Coming up with a backup strategy that does not affect database performance or lock your tables can be tricky. How do you backup your production database cluster without affecting your applications? Should you use mysqldump or Percona Xtrabackup? When should you use incremental backups? Where do you store the backups? In this article, we will cover some of the common backup methods for Galera Cluster for MySQL/MariaDB, and how you can get the most out of these.
There are various ways to backup your Galera Cluster data:
Xtrabackup is an open-source MySQL hot backup utility from Percona. It is a combination of xtrabackup (built in C) and innobackupex (built on Perl) and can back up data from InnoDB, XtraDB and MyISAM tables.
Xtrabackup does not lock your database during the backup process. For large databases (100+ GB), it provides much better restoration time as compared to mysqldump. The restoration process involves preparing MySQL data from the backup files before replacing or switching it with the current data directory on the target node. However, the restoration process is not very straightforward.
If you do not want to backup your entire database every single time, then you should look into incremental backup. Xtrabackup supports incremental backup where it can copy the data that has changed since the last backup. You can have many incremental backups between each full backup. For every incremental backup, you need information on the last one you did so it knows where to start the new one.
Note that without a full backup to start from, the incremental backups are useless.
This is probably the most popular backup method for MySQL. mysqldump is the perfect tool when migrating data between different versions or storage engines of MySQL, or when you need to change something in the text file dump before restoring it. Use it in conjunction with xtrabackup to give you more recovery options.
You may perform mysqldump against all databases by using the –single-transaction option. When using –single-transaction you will get a consistent backup for the Innodb tables without making database read only. So –single-transaction does not work if you have MyISAM tables (so these would be inconsistent). However when using Galera Cluster, all tables should be InnoDB (except the mysql system tables, but that is okay).
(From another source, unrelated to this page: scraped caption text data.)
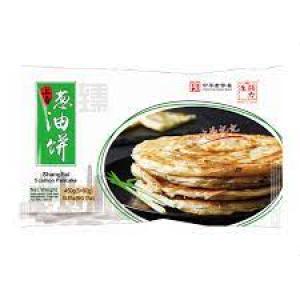 张力生上海葱油饼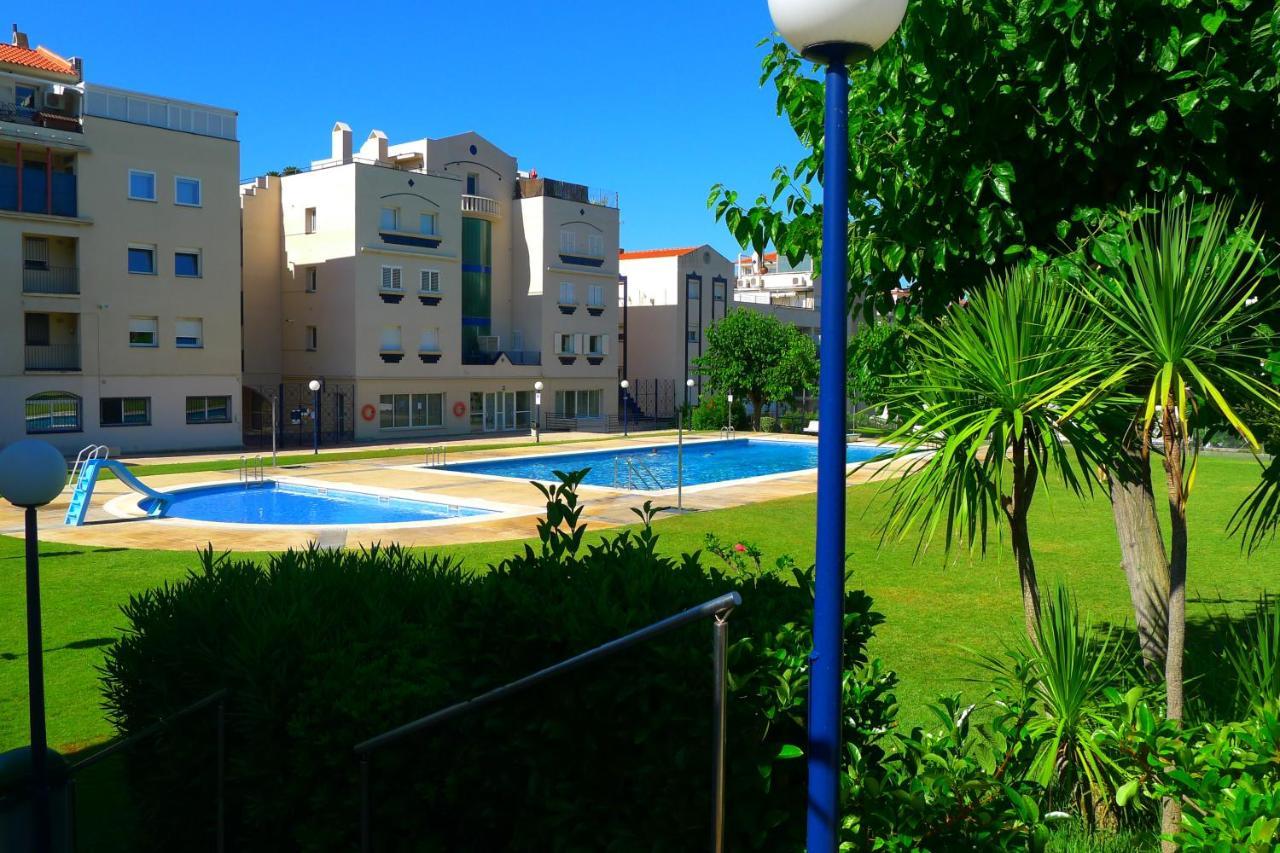 La Marina Seaview Penthouse Apartman Sitges Kültér fotó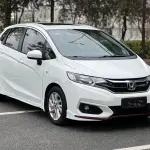 Honda Fit 2018 из Китая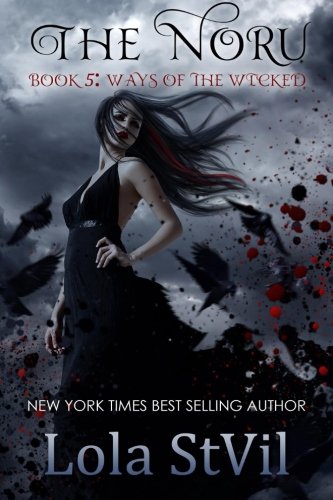 Noru 5: Ways of the Wicked (Volume 5)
This means that using mysqldump is safe, but it has drawbacks. mysqldump will do, for each database and for each table, “SELECT * FROM
” and write the content to the mysqldump file. The problem with the “SELECT * FROM .. ” is if you have tables (and a data set/DB size) that does not fit in the innodb buffer pool. The active data set (that your application uses) will take a hit when the SELECT * FROM .. will load up data from disk, store the pages in the InnoDB buffer pool, and to do so, expunge pages part of the active data set from the InnoDB buffer pool, and put them on disk.
Hence you will get a performance degradation on that node, since the active data set is no longer in RAM but on DISK (if the InnoDB buffer pool is not large enough to fit the entire database).
If you want to avoid that, then use xtrabackup. Nevertheless, it is common to use –single-transaction and it does not block the nodes (except for a very short time when a START TRANSACTION is made, but that can be neglected). And yes, all nodes can still perform read and writes. But you will take a performance hit in the cluster while mysqldump is running – since CPU, DISK and RAM are used by the mysqldump process. A Galera Cluster is as fast the slowest running node.**
**Note that this is only true if “wsrep_desync=OFF”. When you allow the node to desync from the cluster momentarily, the cluster performance won’t get degraded for the duration of desync, which is suitable for backup workloads. However there is a risk if the node doesn’t get back in sync before desync is disabled, it still may cause some impact on the cluster.